You can’t blame them for trying. But judging by the new crop of fall series, the networks have decided to imitate the single most easily pilfered aspect of cable dramas. Not their quality, their depth, or their ambition. Something else — something about their main characters. In short, everyone on a new show this fall seems to be an… Oh, dear. How can I describe them without using a seven-letter physiological vulgarism that has no place in a classy entertainment magazine? Let’s try this: Everyone on TV seems to be an OUTIE (Orifice Utilized to Issue Excrement). Practically every time I watched a new series last week, I found myself saying, “Wow, what an outie!” and “Could that guy be a bigger outie?” and “I don’t understand why you’d put up with someone who’s such an unbearable outie!” One of the few moderately well-socialized characters to carry a new series is Dylan McDermott on CBS’ Hostages, and he’s a terrorist. Something has gone wrong.
The network version of cable TV involves appropriating “dark” story lines, “outrageous” comedy, and the era of the presumably charismatic outie, and then PG-13’ing them, sanding their edges, and dumbing them down, ostensibly so they’ll appeal to a larger audience (which is, however, getting smaller every year; so much for that brilliant plan). In network comedy the outie tends to get prettified into the lovable-but-not-really curmudgeon (James Caan as a rancid manly man on Back in the Game), the yeller (lower your TV volume before The Goldbergs starts), or the impossible-but-irresistible genius: I don’t know how The Crazy Ones is going to develop, but I hope they’ve got more in mind than having adman Robin Williams use his rule-busting imagination to pull a great idea out of thin air every week while his by-the-book daughter (Sarah Michelle Gellar) gives him tolerant but amazed oh-you looks. (Women don’t get to be outies on TV this season, because Whitney failed and women only get one chance, ever.)

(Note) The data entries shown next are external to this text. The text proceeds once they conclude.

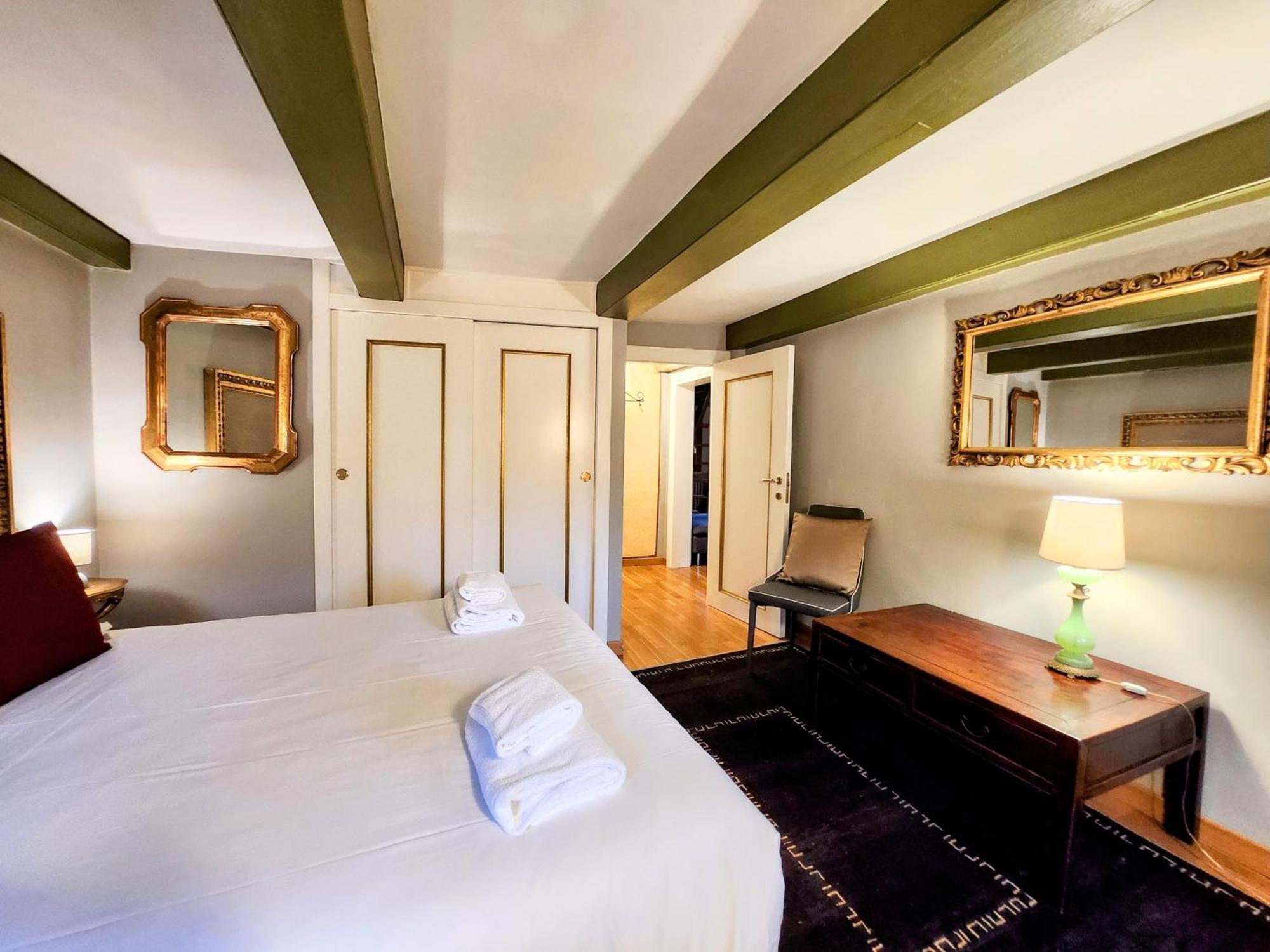 Casanova Penthouse In The Heart Of Venezia Esterno foto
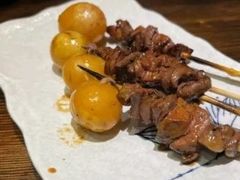 -鸟鹏烧鸟居酒屋(熙龙湾店)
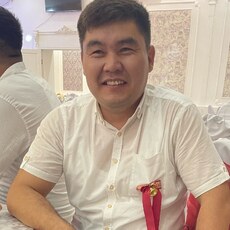 Фотография мужчины Арман, 40 лет из г. Караганда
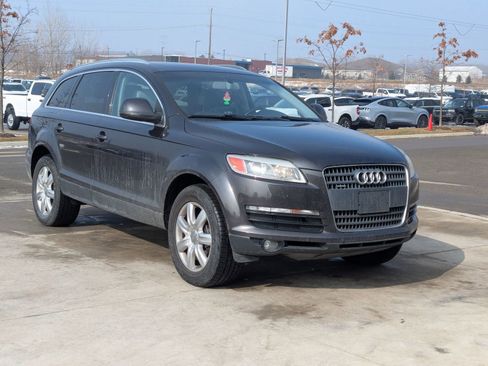 Used 2008 Audi Q7 3.6 Premium image 7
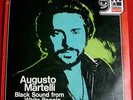 ITA FUNK: AUGUSTO MARTELLI 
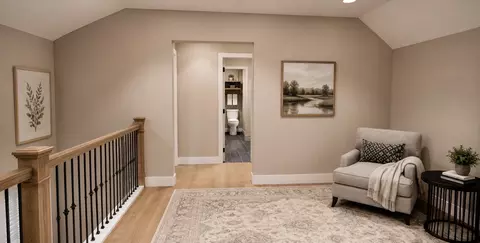 Entry Way - 1029 Ridgecrest Dr, Dickson, TN 37055 photo 1 of 3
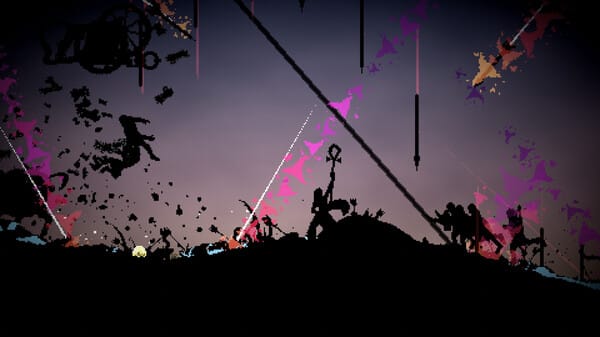 Berserk or Die free download gameplay screenshot - high quality gaming experience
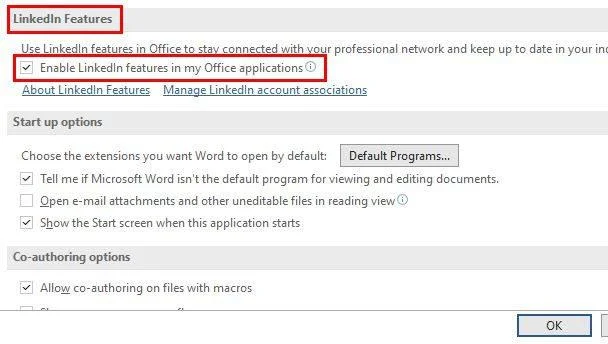 Microsoft Word: LinkedIn Özgeçmiş Asistanından En İyi Şekilde Nasıl Yararlanılır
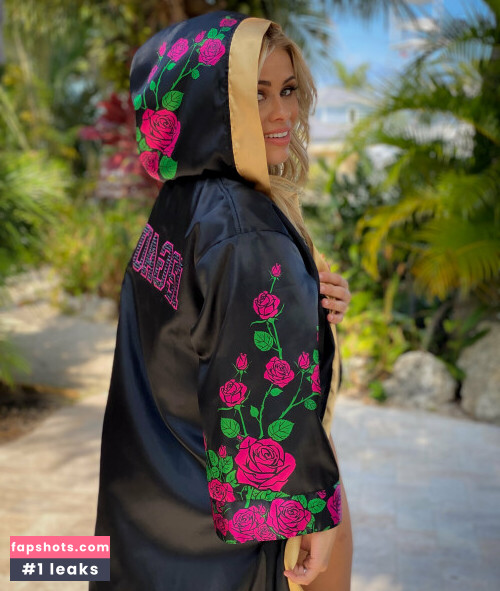 Paige Vanzant gallery photo #2690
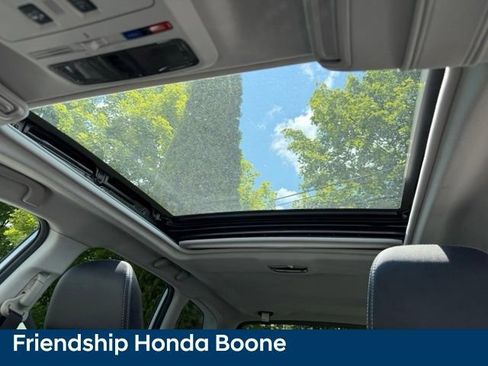 Used 2018 Subaru Forester 2.5i Touring w/ Popular Package #2 AWD/4WD image 32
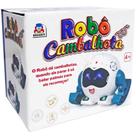 Robo cambalhota braskit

In network drama the outie is usually transformed into the tough professional who’s always in a bad mood (every single character on Marvel’s Agents of S.H.I.E.L.D.), the maverick who knows he’s better than everyone else but still has something to prove (Ironside), or, most often, the misanthropic omniscient mastermind. I’ll keep watching The Blacklist for a while because James Spader can do 50 shades of menace and droll disdain better than almost anyone (I’d love to see him and Kevin Spacey in a sneer-off). But the pilot didn’t offer a credible reason for him to treat everyone around him with contempt other than the fact that it’s what Hugh Laurie used to do on House and that worked for eight years. What great shows understand is that being an outie is not in itself an interesting quality, and bad shows aren’t going to convince us otherwise simply by having every supporting character gaze at the hero in head-shaking wonderment about how one-of-a-kind he is (cable shows aren’t immune to this either — see: Ray Donovan). We didn’t stick with Walter White and Don Draper and Tony Soprano for all those years because they were guys who in real life we wouldn’t want to spend five minutes with; we were in it for their struggle. Even with outies, it’s what’s inside that counts. And yes, I know that anatomically speaking, that’s the worst possible metaphor. But you get the idea.